What is required: In your copy, include no images and return each entry exactly as written.

Working data:
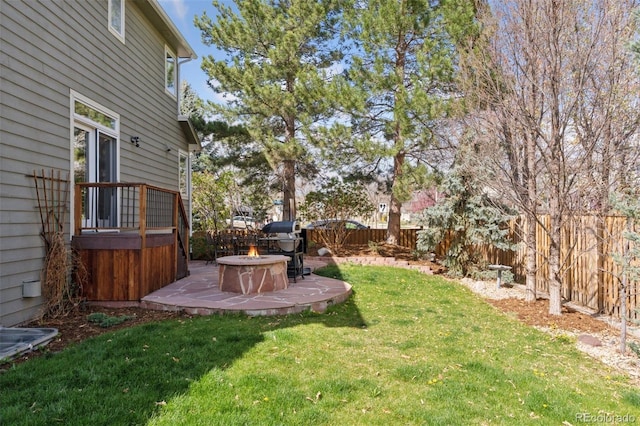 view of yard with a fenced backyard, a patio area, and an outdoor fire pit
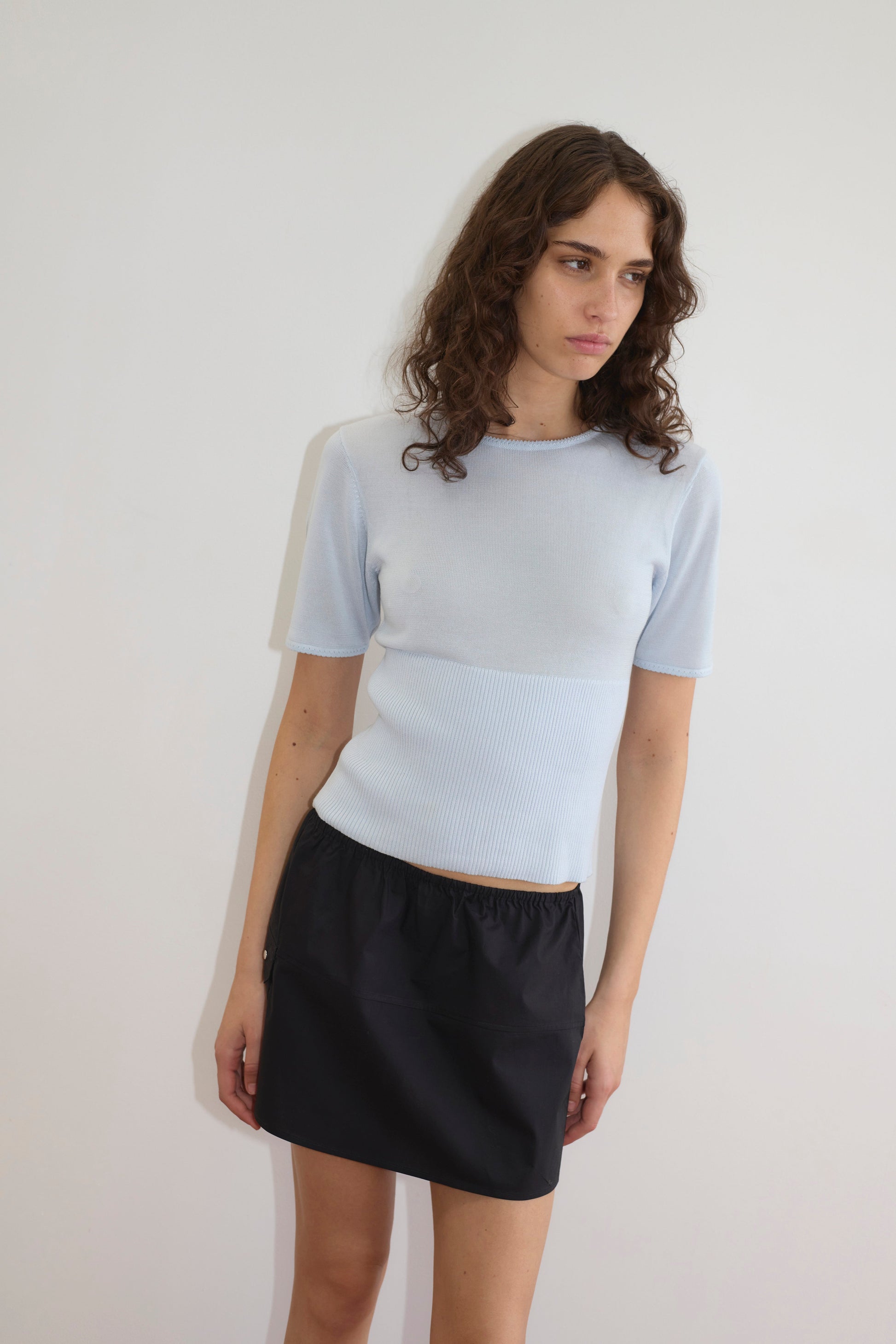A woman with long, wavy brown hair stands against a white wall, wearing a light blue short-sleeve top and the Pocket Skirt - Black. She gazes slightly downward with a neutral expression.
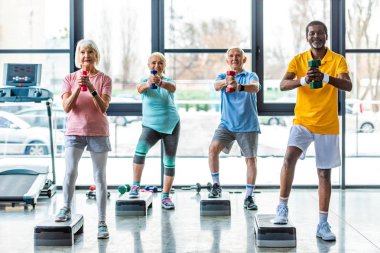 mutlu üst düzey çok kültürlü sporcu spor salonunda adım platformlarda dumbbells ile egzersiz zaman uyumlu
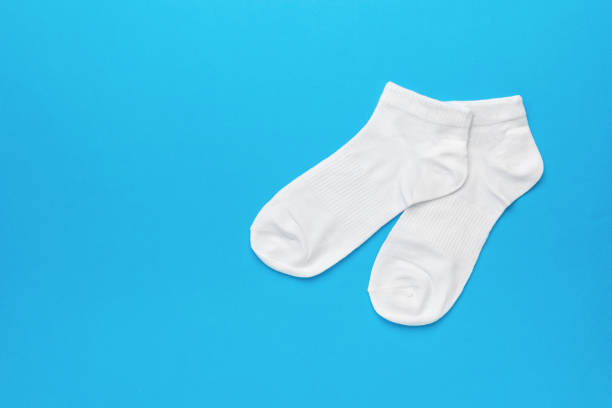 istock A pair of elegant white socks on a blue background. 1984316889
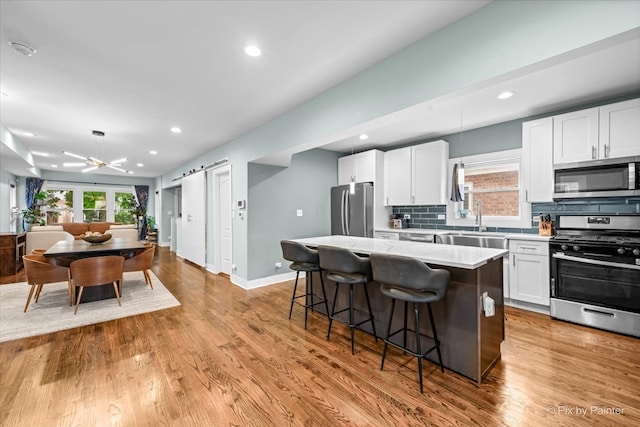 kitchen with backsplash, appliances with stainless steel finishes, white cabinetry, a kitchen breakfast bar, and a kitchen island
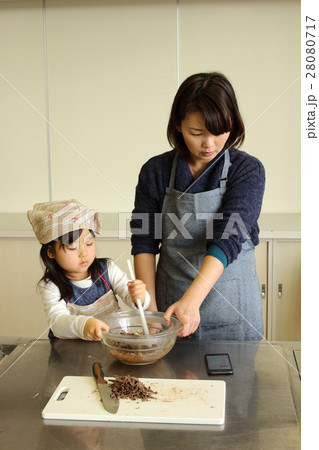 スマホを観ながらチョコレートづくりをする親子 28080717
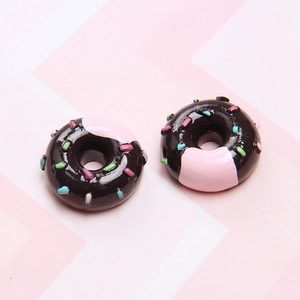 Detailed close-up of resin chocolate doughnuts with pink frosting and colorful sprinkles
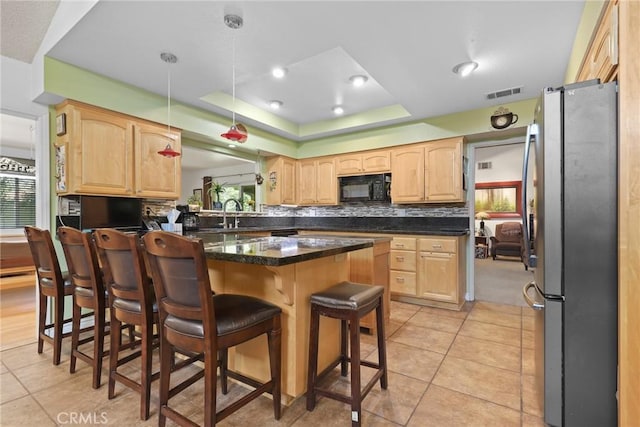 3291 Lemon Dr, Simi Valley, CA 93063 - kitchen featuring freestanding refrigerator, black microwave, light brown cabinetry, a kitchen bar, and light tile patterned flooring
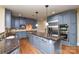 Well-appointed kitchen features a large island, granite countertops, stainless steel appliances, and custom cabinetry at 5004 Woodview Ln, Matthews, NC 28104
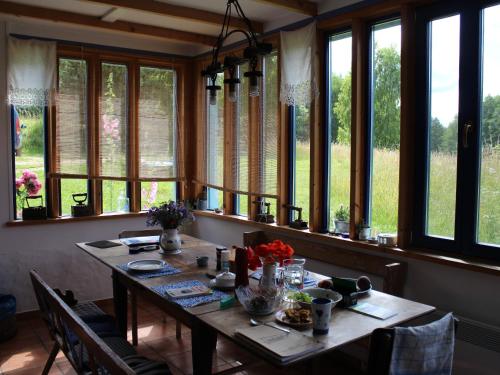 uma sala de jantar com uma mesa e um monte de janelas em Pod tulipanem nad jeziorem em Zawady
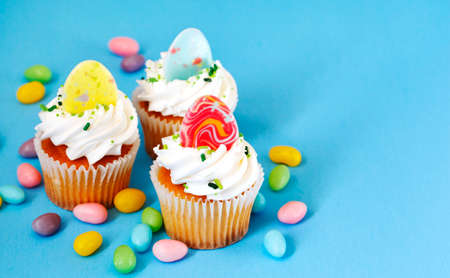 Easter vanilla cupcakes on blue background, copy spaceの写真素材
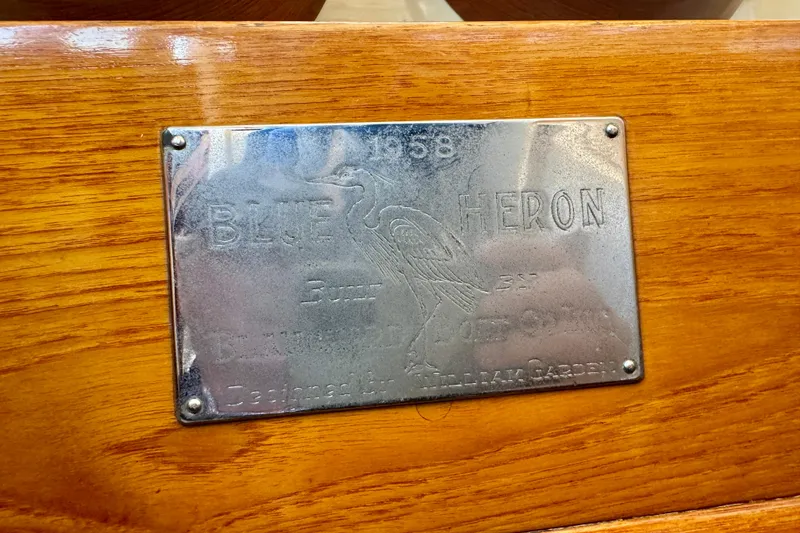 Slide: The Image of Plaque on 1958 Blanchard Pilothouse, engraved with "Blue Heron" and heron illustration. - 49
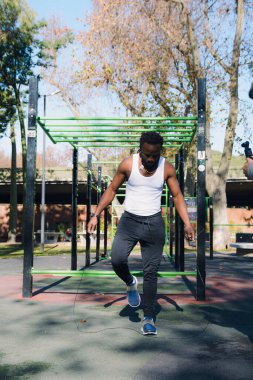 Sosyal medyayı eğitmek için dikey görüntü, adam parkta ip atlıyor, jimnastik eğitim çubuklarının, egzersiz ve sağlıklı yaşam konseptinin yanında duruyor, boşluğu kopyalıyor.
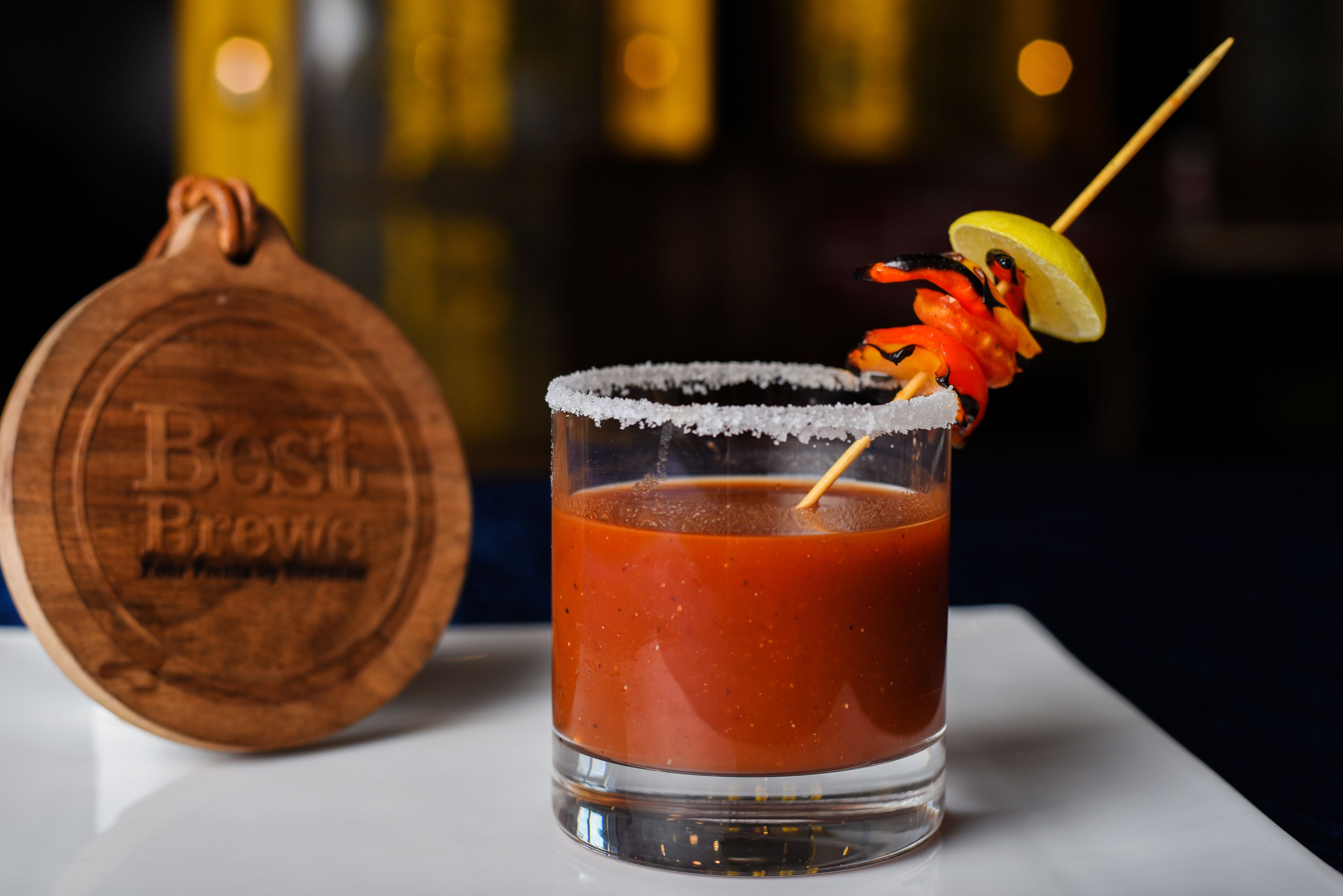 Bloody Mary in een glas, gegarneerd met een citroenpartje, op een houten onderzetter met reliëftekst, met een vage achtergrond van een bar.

Result of this task:
 view of yard with a fenced backyard, a patio area, and an outdoor fire pit
A woman with long, wavy brown hair stands against a white wall, wearing a light blue short-sleeve top and the Pocket Skirt - Black. She gazes slightly downward with a neutral expression.
 mutlu üst düzey çok kültürlü sporcu spor salonunda adım platformlarda dumbbells ile egzersiz zaman uyumlu
 istock A pair of elegant white socks on a blue background. 1984316889
 kitchen with backsplash, appliances with stainless steel finishes, white cabinetry, a kitchen breakfast bar, and a kitchen island
 スマホを観ながらチョコレートづくりをする親子 28080717
 Detailed close-up of resin chocolate doughnuts with pink frosting and colorful sprinkles
 3291 Lemon Dr, Simi Valley, CA 93063 - kitchen featuring freestanding refrigerator, black microwave, light brown cabinetry, a kitchen bar, and light tile patterned flooring
 Well-appointed kitchen features a large island, granite countertops, stainless steel appliances, and custom cabinetry at 5004 Woodview Ln, Matthews, NC 28104
 uma sala de jantar com uma mesa e um monte de janelas em Pod tulipanem nad jeziorem em Zawady
 Easter vanilla cupcakes on blue background, copy spaceの写真素材
 Slide: The Image of Plaque on 1958 Blanchard Pilothouse, engraved with "Blue Heron" and heron illustration. - 49
 Sosyal medyayı eğitmek için dikey görüntü, adam parkta ip atlıyor, jimnastik eğitim çubuklarının, egzersiz ve sağlıklı yaşam konseptinin yanında duruyor, boşluğu kopyalıyor.
 Bloody Mary in een glas, gegarneerd met een citroenpartje, op een houten onderzetter met reliëftekst, met een vage achtergrond van een bar.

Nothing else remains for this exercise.